Supplied material:
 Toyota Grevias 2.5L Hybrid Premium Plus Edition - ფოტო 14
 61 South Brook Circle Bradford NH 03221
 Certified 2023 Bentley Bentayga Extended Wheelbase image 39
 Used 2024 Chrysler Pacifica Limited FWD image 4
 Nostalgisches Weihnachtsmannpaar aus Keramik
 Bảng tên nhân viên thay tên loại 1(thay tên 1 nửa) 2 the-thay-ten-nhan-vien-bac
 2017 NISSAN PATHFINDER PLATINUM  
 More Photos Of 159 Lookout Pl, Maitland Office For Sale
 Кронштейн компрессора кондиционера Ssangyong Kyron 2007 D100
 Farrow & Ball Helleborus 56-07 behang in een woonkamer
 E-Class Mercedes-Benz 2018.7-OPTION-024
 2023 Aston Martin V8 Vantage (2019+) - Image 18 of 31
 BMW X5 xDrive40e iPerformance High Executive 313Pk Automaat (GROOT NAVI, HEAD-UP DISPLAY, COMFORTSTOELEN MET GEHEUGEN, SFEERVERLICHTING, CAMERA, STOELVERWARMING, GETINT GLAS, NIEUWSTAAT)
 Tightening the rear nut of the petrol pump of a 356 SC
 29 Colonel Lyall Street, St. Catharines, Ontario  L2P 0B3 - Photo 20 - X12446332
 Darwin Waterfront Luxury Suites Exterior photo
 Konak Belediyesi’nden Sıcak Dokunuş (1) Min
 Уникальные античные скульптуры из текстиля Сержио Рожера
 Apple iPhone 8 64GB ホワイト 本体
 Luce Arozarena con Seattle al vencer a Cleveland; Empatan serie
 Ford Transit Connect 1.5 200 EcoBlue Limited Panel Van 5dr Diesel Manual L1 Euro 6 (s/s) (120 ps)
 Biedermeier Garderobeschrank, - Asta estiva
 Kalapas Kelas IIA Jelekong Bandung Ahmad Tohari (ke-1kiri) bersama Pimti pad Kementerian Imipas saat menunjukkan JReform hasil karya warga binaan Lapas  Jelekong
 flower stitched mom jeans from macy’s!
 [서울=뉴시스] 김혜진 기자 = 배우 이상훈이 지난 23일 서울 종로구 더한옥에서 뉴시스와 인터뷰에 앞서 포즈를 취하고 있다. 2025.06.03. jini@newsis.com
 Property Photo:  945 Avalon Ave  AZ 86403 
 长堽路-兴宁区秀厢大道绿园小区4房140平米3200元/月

Exercise: Across the entries above, how many lines carry the word "Limited"? Write only the number.

Solution to the problem: 2